There may well be superstitious souls out there who stayed in bed all day yesterday, thus avoiding what-ever slings and arrows that outrageous fortune held in store for them.

The reason? Triskaidekaphobia - or fear of Friday the 13th. An altogether splendid word, which owes more to the ingenuity of modern quasi-classical wordsmiths than to ancient usage. Nevertheless it is a useful invention which well describes the frailty of an unreasonable fear.

Another word for irrational fear is panic, no more logical in its suffering although it at least has the benefit of a genuinely ancient pedigree. It stems from the Greek "panikon deima" - Literally "the fear caused by Pan"

An important nuance of panic is nameless fear ... fuelled by the unexplained noises of the night, scuffling of dead leaves when neither man nor beast is to be seen, and strange sighs and strange sighs on the windless air.
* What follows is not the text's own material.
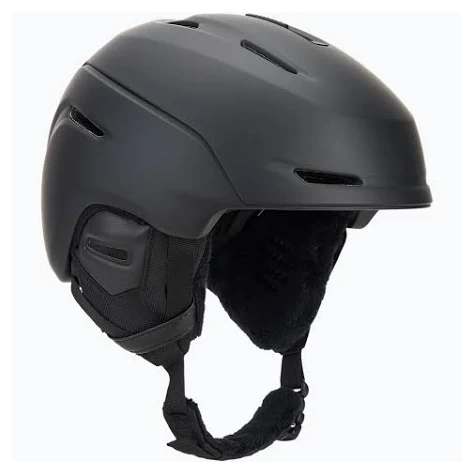 CASCO SCI SNOW GIRO AVERA BLACK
These sounds and their accompanying terror were attributed to Pan, the God of nature - in retrospect, a fear not all that unreasonable when sprites and spirits lived in every grove, stream and woodland.

True Panic - "Phobos" to the Greeks - was something universal, inhabiting the darkness, the air, the sky and the Earth itself. Long names described the circumstances of the condition: claustrophobia if it happened in confined spaces agoraphobia if in the open.

Now the fearful can match their anxieties with a whole catalogue of ingeniously named phobias from aillurophobia (fear of cats) to xenophobia (fear of foreigners) Apart from the inventiveness of all the phobias, joining together Greek elements has given us a host of useful every-day words

Among them are chrysanthemum (gold + flower), cosmopolitan (world + citizen) phosphorous (light + bearer) photography (light + writing), helicopter (spiral + wing) and telephone (far off + voice) Strictly speaking, television (far + seeing) should be telescope, but Galileo got off the mark faster than John Logie Baird. He was thus able to coin a pure Greek derivative for his invention, forcing Baird to resort to a hybrid based on the Latin suffix "Video."